> [Aim of the task] Only one part of the listing is needed: the lines from the one with "24 Sweetgum Avenue, Narre Warren VIC 3805" through the last line, copied exactly and free of pictures.

> [Data provided]
BEGIN

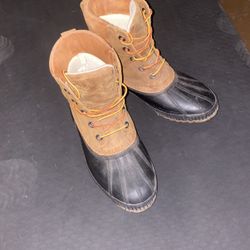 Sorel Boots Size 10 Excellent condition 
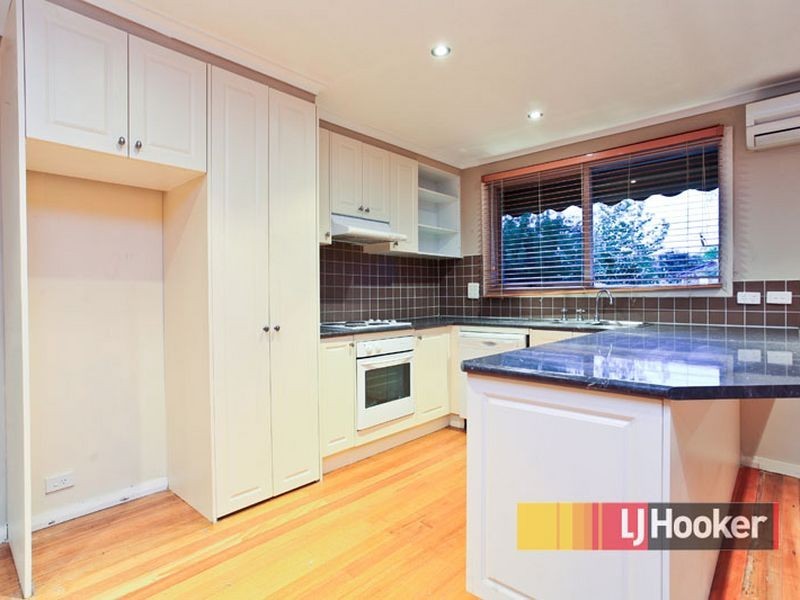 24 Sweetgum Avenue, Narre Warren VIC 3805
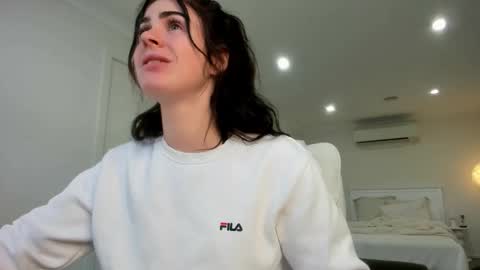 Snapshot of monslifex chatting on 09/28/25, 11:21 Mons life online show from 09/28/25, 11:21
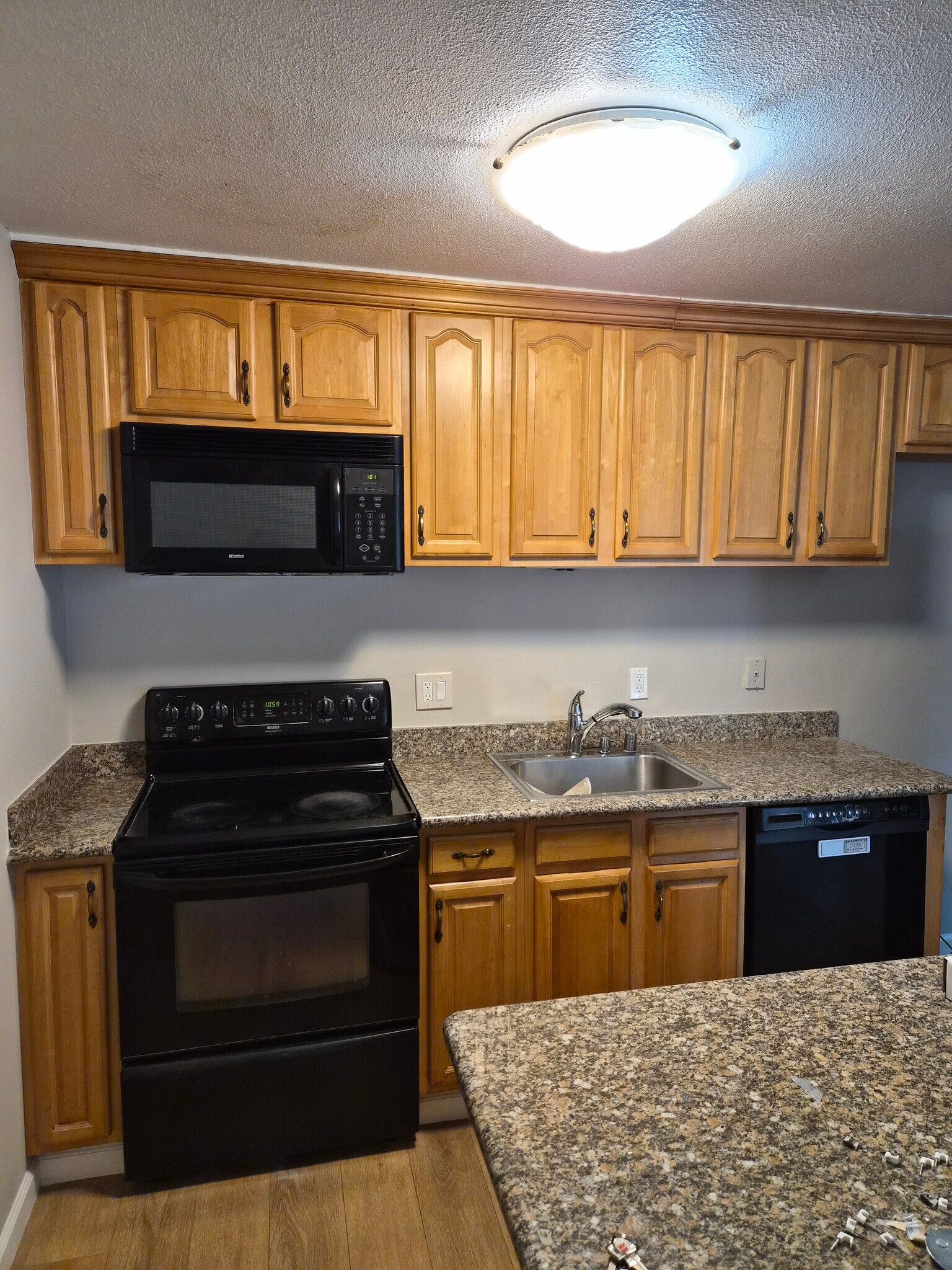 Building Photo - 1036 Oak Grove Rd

END

> [Task solution]
 24 Sweetgum Avenue, Narre Warren VIC 3805
 Snapshot of monslifex chatting on 09/28/25, 11:21 Mons life online show from 09/28/25, 11:21
 Building Photo - 1036 Oak Grove Rd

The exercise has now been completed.